Concert venue in New Hampshire, U.S.

BankNH Pavilion (originally known as Meadowbrook Farm) is an outdoor amphitheatre located near Lake Winnipesaukee in Gilford, New Hampshire, United States. Opening in 1996, the venue seats nearly 9,000 guests. It seats 5,997 under a covered pavilion, 540 reserved lawn seats and 2,850 general admission lawn seats.

==History==
The land was originally owned by the Miller family, which used the property for summer vacations, weekend excursions, and general family entertainment. By the early 1900s, cottages began to pop up on the property. The family continued to use the land to hold family concerts and gatherings for many years ahead. While ownership of the land where the venue is located changed hands, the Miller family today still owns property next to the pavilion.

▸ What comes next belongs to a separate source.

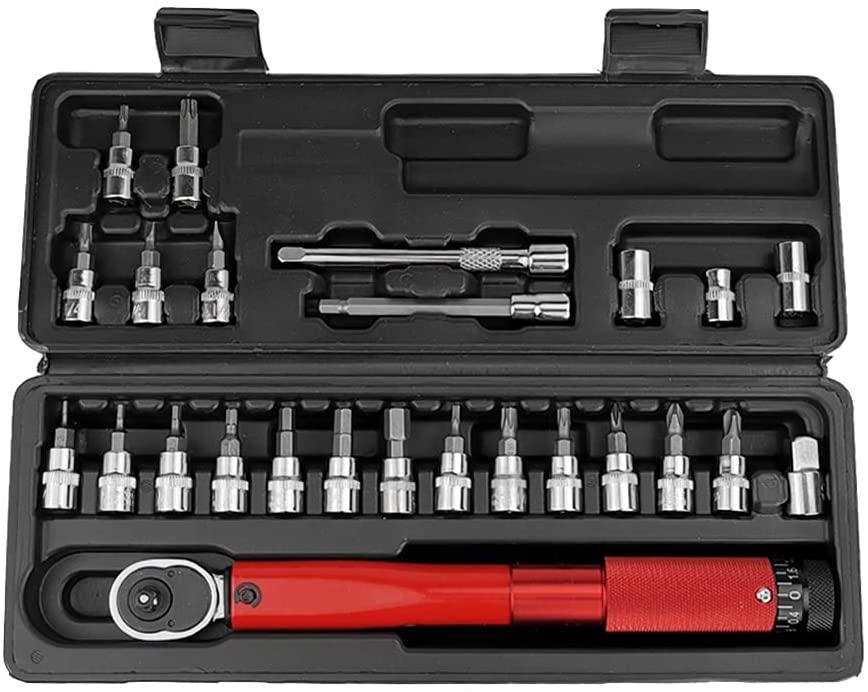 CHYSP 25PCS 2-24NM Adjustable Torque Wrench Bicycle Repair Tools Kit Bike Repair Spanner Hand Tool Set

In early 1996, Meadowbrook was created as a summer concert venue. Originally known as "Meadowbrook Farm", the venue consisted of a temporary stage, 2,500 portable seats and a lawn that held 2,000 people. The venue was renamed five years later to the "Meadowbrook Musical Arts Center", to better reflect the growing direction of the farm. A permanent stage soon replaced the temporary one. In 2002, the venue began its most major renovation to date. A pavilion roof was installed, along with 3,097 reserved seats (with capabilities to remove seats if necessary for general admission shows), 540 reserved lawn seats, and 2,850 general admission lawn seats.

In 2005, Meadowbrook added its Second Stage, a tented area with a full-service bar where local bands play for concertgoers prior to and following the actual concert. In 2007, U.S. Cellular signed a naming agreement with the venue, which became the "Meadowbrook U.S. Cellular Pavilion". Also in 2007, Meadowbrook was nominated for Venue of the Year by the Academy of Country Music. In 2013, Meadowbrook began an expansion that added nearly 3,000 covered seats, two new parking lots and a second road into the venue. The amphitheater was renamed "Bank of New Hampshire Pavilion" in April of that year.

Sugarland currently holds the venue's attendance record. Their September 5, 2010 performance there - with Ellis Paul opening - was the second time in two years that a Sugarland show was a sell-out.

In 2021, the Pavilion made national news when the Gilford Police Department issued an arrest warrant for artist Marilyn Manson in response to an incident in which Manson allegedly spit on a videographer while performing at the Pavilion in 2019.

In 2023, the Pavilion underwent another rebrand and is now called the BankNH Pavilion.